2012 discharge: European Insurance and Occupational Pensions Authority (EIOPA)
The Committee on Budgetary Control adopted the report by Petri SARVAMAA (EPP, FI) in which it recommended the European Parliament to grant discharge to the Executive Director of the European Insurance and Occupational Pensions Authority in respect of the implementation of the Authority's budget for the financial year 2012.
Noting that the Court of Auditors stated that it has obtained reasonable assurances that the annual accounts of the Authority for the financial year 2012 are reliable, and that the underlying transactions are legal and regular, Members approved the closure of the Authoritys accounts. They made, however, a number of recommendations that needed to be taken into account when the discharge is granted, in addition to the general recommendations that appear in the draft resolution on performance, financial management and control of EU agencies.

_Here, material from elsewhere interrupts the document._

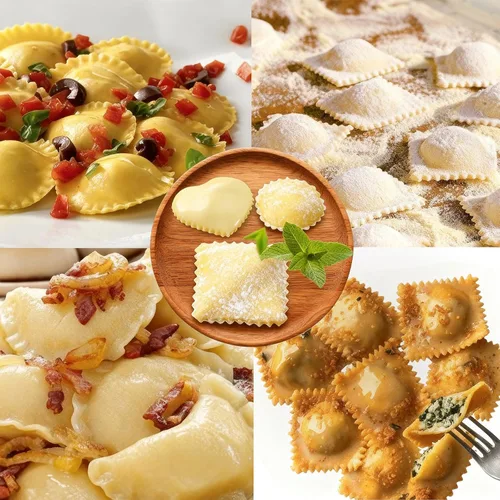 Miniatura 5 de ARTPICO - Juego de 5 ruedas para hacer pasta, mango de madera, borde acanalado para ravioles, cortador de prensa de pastelería, lasaña, Pierogi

- Financing, budget and financial management: Members noted that budget monitoring efforts during the financial year 2012 resulted in an overall budget implementation rate of 90.63%. They noted with concern that the payment appropriations execution rate was 67.21%.
- Carryovers: Members regretted that the carry-over of committed appropriations to 2013 was very high for title III (operational expenditure) at 79% of total appropriations even if they acknowledged that this is mainly the result of the complexity and of the lengthy duration of one IT procurement procedure. They also regretted that one contract related to the design of a financial database was subdivided into four lots of EUR 60 000 each, which were all directly awarded to two companies. According to the Members, an open or restricted procedure should have been applied and that the related commitments and payments are thus irregular.
Members also made a series of observations on transfers, procurement and recruitment procedures as well as comments on internal controls.
Lastly, they acknowledged that the Authority adopted its Ethics Rules in 2011 and established specific provisions for its Stakeholders Groups and Board of Appeal to handle potential conflicts of interests. They called on the Authority to inform the discharge authority whether it intends to review its Ethic Rules on the basis of the Commission's Guidelines.